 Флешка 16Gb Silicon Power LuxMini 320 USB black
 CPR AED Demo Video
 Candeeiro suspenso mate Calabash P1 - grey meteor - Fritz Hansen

- - - - - - -

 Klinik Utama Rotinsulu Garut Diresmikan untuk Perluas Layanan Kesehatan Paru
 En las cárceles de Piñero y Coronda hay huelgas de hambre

- - - - - - -

> What needs to be done
Your task for the entries above: copy exactly the span starting with the line with "Klinik Utama Rotinsulu" and going on through the line with "En las cárceles", both lines included, and nothing else.

> Exercise output
 Klinik Utama Rotinsulu Garut Diresmikan untuk Perluas Layanan Kesehatan Paru
 En las cárceles de Piñero y Coronda hay huelgas de hambre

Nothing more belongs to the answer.